[[ EXERCISE DATA, beginning ]]
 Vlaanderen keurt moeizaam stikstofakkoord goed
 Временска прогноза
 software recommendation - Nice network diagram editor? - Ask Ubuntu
[[ EXERCISE DATA, end ]]
*WHAT IS EXPECTED:* Nothing but the full listing, copied exactly, belongs in the answer.

*OUTPUT FOR THIS TASK:*
 Vlaanderen keurt moeizaam stikstofakkoord goed
 Временска прогноза
 software recommendation - Nice network diagram editor? - Ask Ubuntu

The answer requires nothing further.